Task description
Given the records underneath, please repeat exactly the lines from the line with "Serrure Trepper Corni" through the line with "Unearthly Cosmetics Other", passing over any picture.

Given records
========
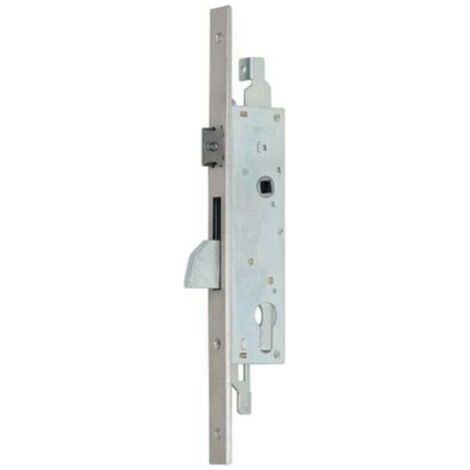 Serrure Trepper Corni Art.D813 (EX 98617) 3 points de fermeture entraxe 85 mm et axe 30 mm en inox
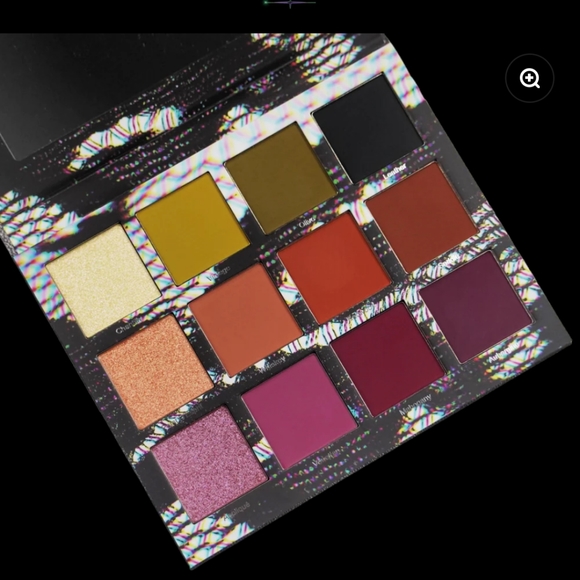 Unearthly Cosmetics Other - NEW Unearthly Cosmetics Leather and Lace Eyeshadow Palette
========
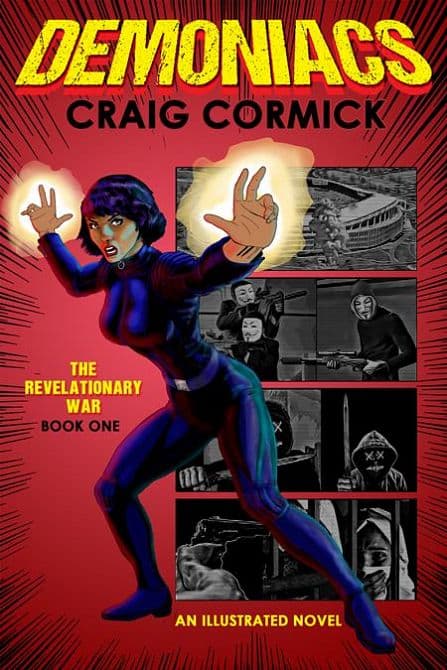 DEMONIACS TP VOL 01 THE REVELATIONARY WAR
========
Exercise solution
 Serrure Trepper Corni Art.D813 (EX 98617) 3 points de fermeture entraxe 85 mm et axe 30 mm en inox
 Unearthly Cosmetics Other - NEW Unearthly Cosmetics Leather and Lace Eyeshadow Palette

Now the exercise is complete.